From "Pest Exterminator" to "Art Mogul"
ONE LESS PREDATOR FOR THE ART MARKET
Considered to be one of the most surprising figures to have plagued the art market over the past three decades, YV, known as "Le Taupier" ( aka the gopher exterminator), died on February 13 of cancer at the age of 60. He made a colossal fortune through many breaches of trust but also incredible discoveries.
With his imposing build body and his cobra look, he intimidated his interlocutors. He started his career as a gopher exterminator at age16, gradually making a place for himself in the sun by grabbing works of art at prices that he often forgot to pay to those he borrowed them.
Illiterate, he showed himself off as an idiot when he appeared in court for a memorable theft committed fifteen years ago. The "Taupier" then managed to bounce back and get a hold on an important Belgian collection, including works Brancusi which had brought him no less than 50 million euros.
Leading the way, he dealt on an equal foot with the greatest dealers and some of the world's leading experts.
At the same time, auction houses rolled out a red carpet for him to obtain pieces resold for tens of millions of euros that had allowed him to acquire many properties in France or abroad.

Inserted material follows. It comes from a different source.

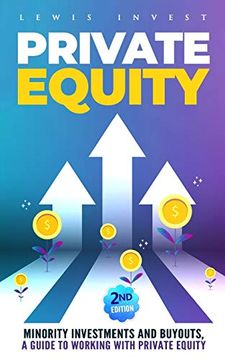 portada Private Equity: 2nd Edition – Minority Investments and Buyouts, a Guide to Working With Private Equity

He grew an impressive heritage, particularly by placing part of its assets in tax havens only to find himself later involved in the business of "Panama Papers" before being the victim of a helicopter crash in 2016 and falling seriously ill.
In business he showed little scruples towards those who had the misfortune to cross his path, the "Taupier " was above all motivated by the need to shear the backs of naive people, with the desire always to accumulate more money to apparently compensate for a childhood spent in poverty and nothing stopped him, sometimes to the point of believing himself to be allowed everything.
Flanked by young ephebes, this imposing-looking character moved around in luxury cars, passing himself off alternately as the cousin of a great gallery owner, a close friend of the Saudi royal family or a close friend of the Wildensteins to far exceed the famous crook Fernand Legros whose fortune accumulated through sales of false paintings to American gogos really did not weigh heavily in comparison with the 800 million euros he boasted of having earned. His latest find: Duchamp's famous bidet, which disappeared after being exhibited in New York in 1913, which he claimed to have rediscovered in a warehouse at the Steinway piano factory in a suburb of the American metropolis, a blow that would have established his celebrity.
The most astonishing thing is that this type of bipolar type managed to forge close relations with many big merchants who treated him with deference without thinking for a moment to look into his murky past. He often came in the crosshairs of the 'OCBC which he had succeeded in fooling just as much as certain experts he put in his pocket by inviting them to great restaurants to make them flexible at will after a few glasses of Petrus or Lafite-Rothschild.
In short, this incredible predator did not live long to take advantage of his wealth except that for about thirty years, he will have scoured the art market by leading the existence of a mogul after leaving behind many people abused by his actions.